In the 1920s and 30s, Tarski often taught high school geometry. In 1929, he showed that much of Euclidian solid geometry could be recast as a first order theory whose individuals are spheres, a primitive notion, a single primitive binary relation "is contained in," and two axioms that, among other things, imply that containment partially orders the spheres. Relaxing the requirement that all individuals be spheres yields a formalization of mereology far easier to exposit that Lesniewski's variant. Starting in 1926, Tarski devised an original axiomatization for plane Euclidian geometry, one considerably more concise than Hilbert's. Tarski's axiomatization is a first-order theory devoid of set theory, whose individuals are points, and having only two primitive relations. In 1930, he proved this theory decidable because it can be mapped into another theory he had already proved decidable, namely his first-order theory of the real numbers. Near the end of his life, Tarski wrote a very long letter, published as Tarski and Givant (1999), summarizing his work on geometry.

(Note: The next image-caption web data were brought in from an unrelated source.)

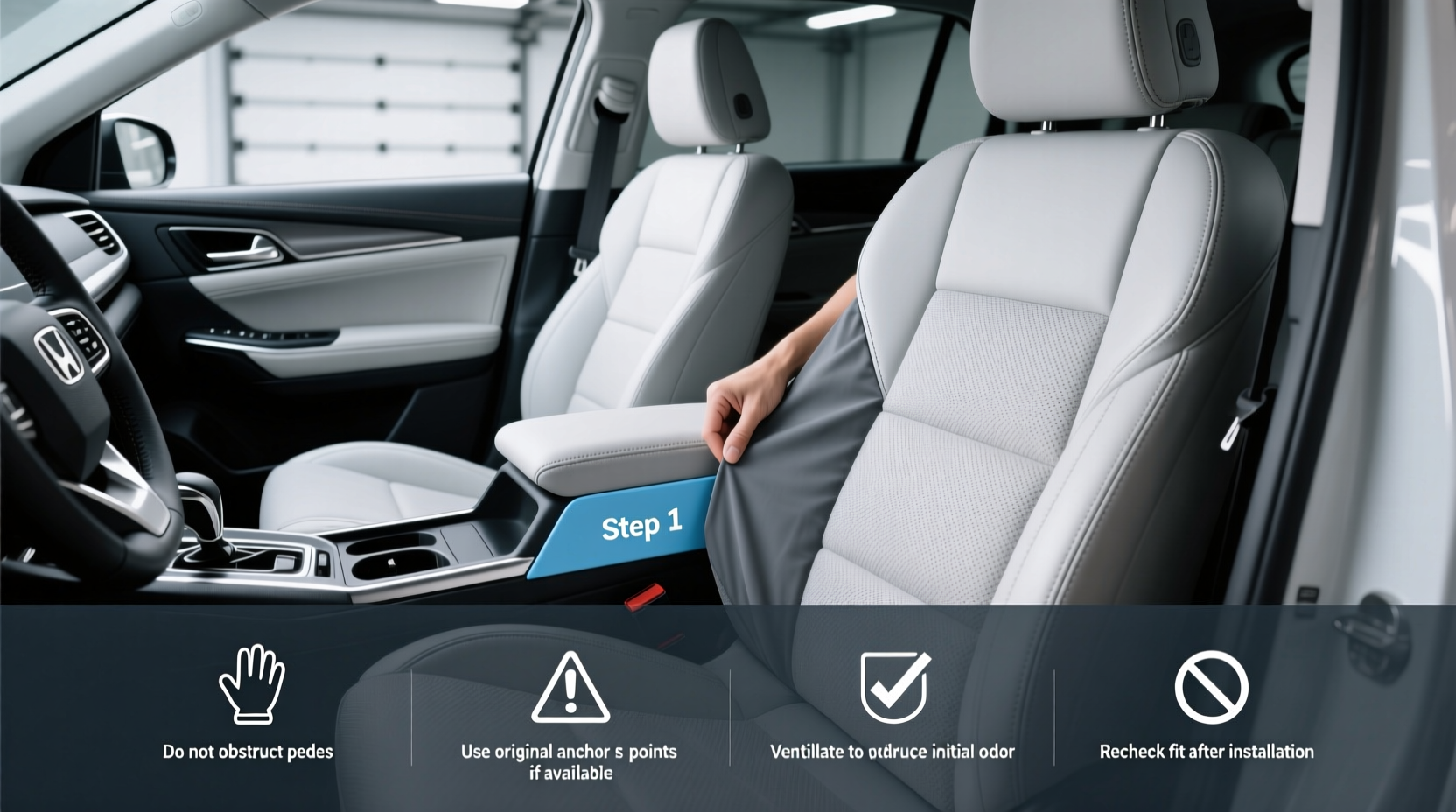 2000 Honda CRV Seat Covers Buying Guide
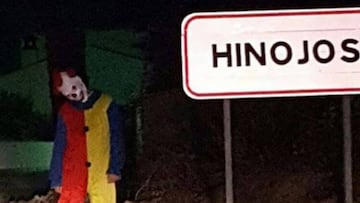 Payaso asesino de Hinojos (Huelva).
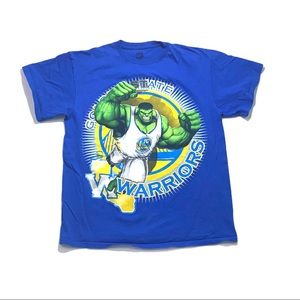 Golden state warriors / Marvel the Hulk t shirt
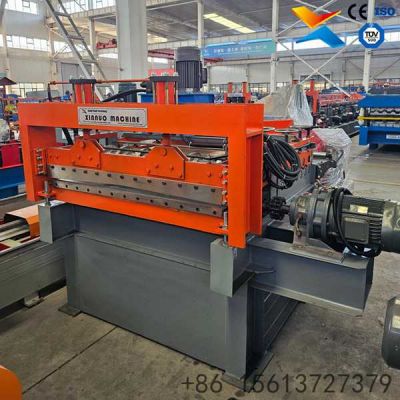Máquina Perfiladeira para Steel Deck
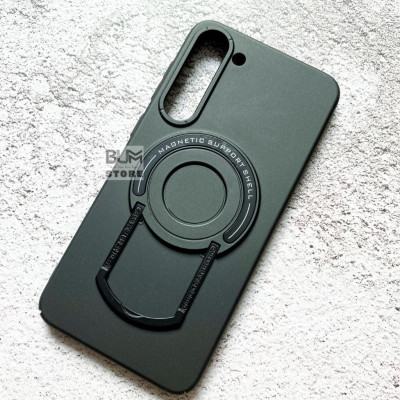 Ốp Lưng Cho Samsung Galaxy S24 Ultra / S25 Plus / S24 Plus / S23 Ultra / S23 Plus Nhựa Cứng Có Từ Tính Tích Hợp Gía Đỡ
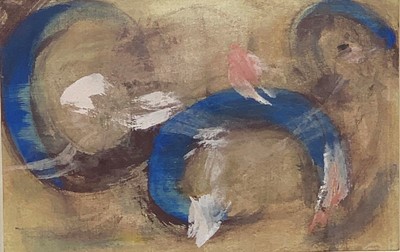 Lot 216 - Kate NICHOLSON (1929-2019) Growing Cyclamen...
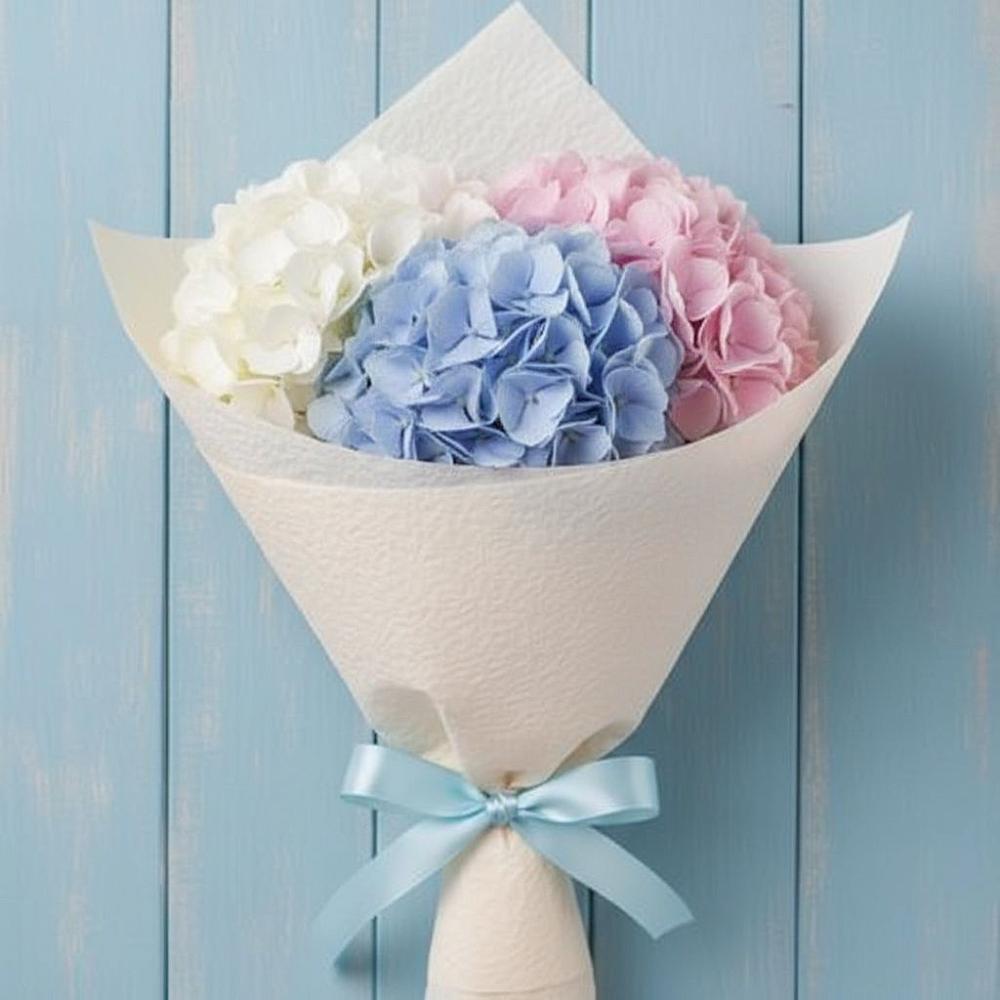 Букет цветов из: Гортензия в Красавино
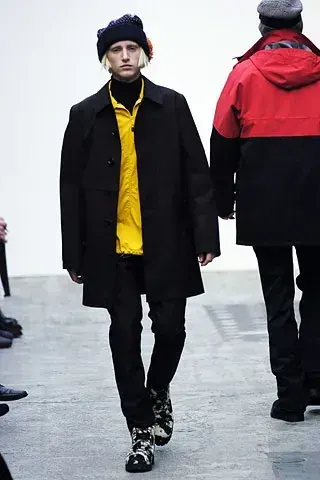 ジュンヤワタナベマン 2005年秋冬 LOOK 13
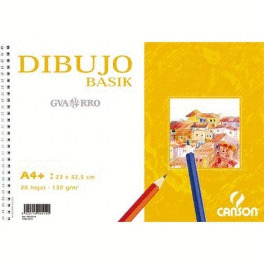 BLOC PAPEL BASIK A4+ 130GR 20H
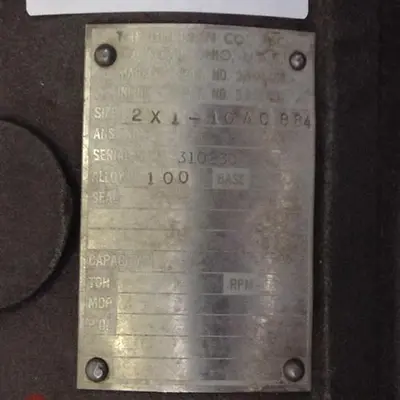 USED DURIRON 2X1-10 AC 884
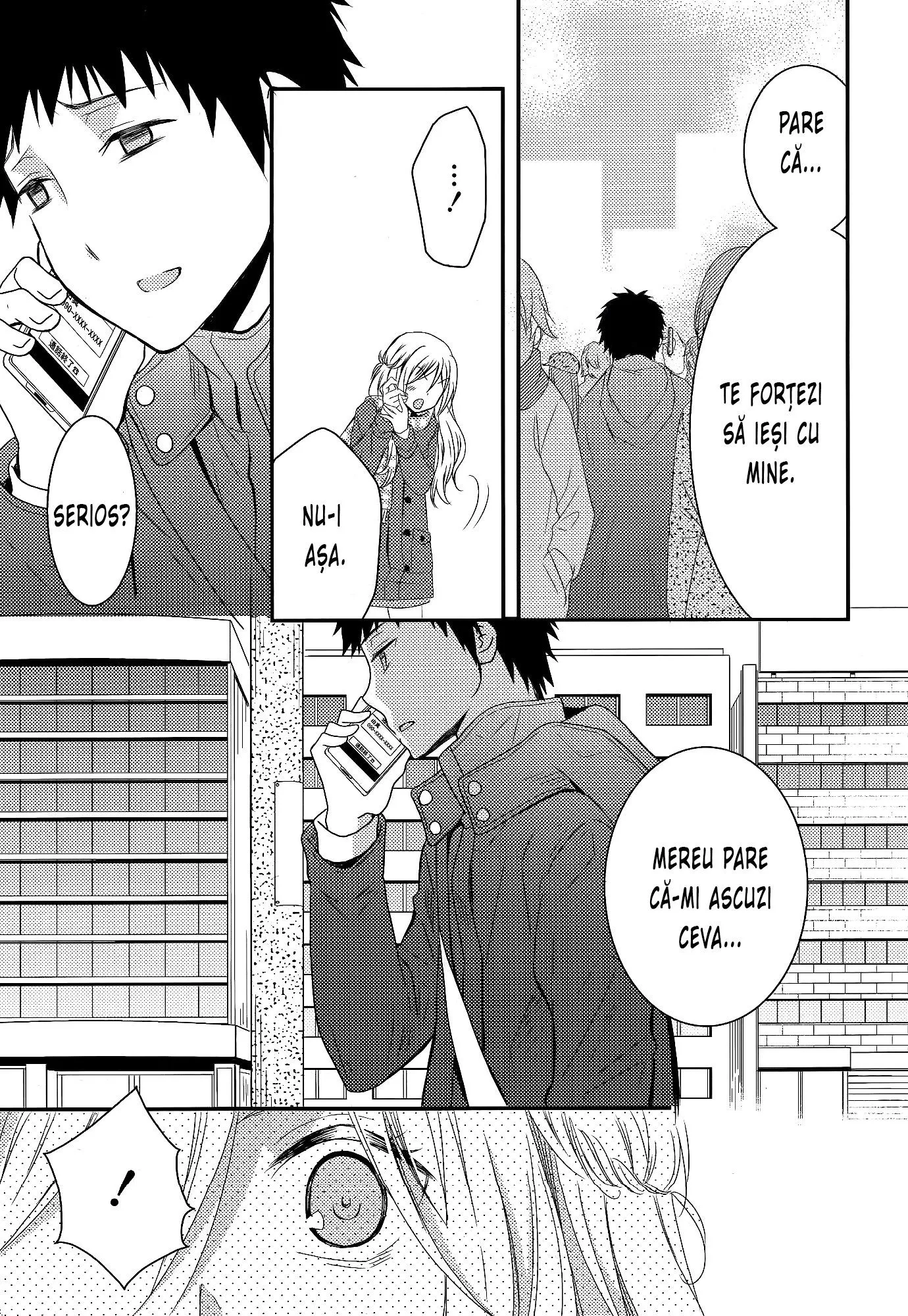 Netsuzou Trap – NTR - Capitolul 7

Cardinal Algebras studied algebras whose models include the arithmetic of cardinal numbers. Ordinal Algebras sets out an algebra for the additive theory of order types. Cardinal, but not ordinal, addition commutes.

In 1941, Tarski published an important paper on binary relations, which began the work on relation algebra and its metamathematics that occupied Tarski and his students for much of the balance of his life. While that exploration (and the closely related work of Roger Lyndon) uncovered some important limitations of relation algebra, Tarski also showed (Tarski and Givant 1987) that relation algebra can express most axiomatic set theory and Peano arithmetic. For an introduction to relation algebra, see Maddux (2006). In the late 1940s, Tarski and his students devised cylindric algebras, which are to first-order logic what the two-element Boolean algebra is to classical sentential logic. This work culminated in the two monographs by Tarski, Henkin, and Monk (1971, 1985).

Logician

Along with Aristotle, Gottlob Frege, and Kurt Gödel, Tarski is generally considered one of the four greatest logicians of all time (Vaught 1986). Of these four, he was the best mathematician and the most prolific author. Neither Frege nor Gödel ever supervised a single Ph. D. or coauthored a paper; Tarski, on the other hand, supervised 24 Ph. Ds and coauthored over 100 books and papers. Frege was sternly aloof in person and often bitingly sarcastic in print, and Gödel was a notorious recluse. Meanwhile, Tarski loved to interact with people intellectually and socially.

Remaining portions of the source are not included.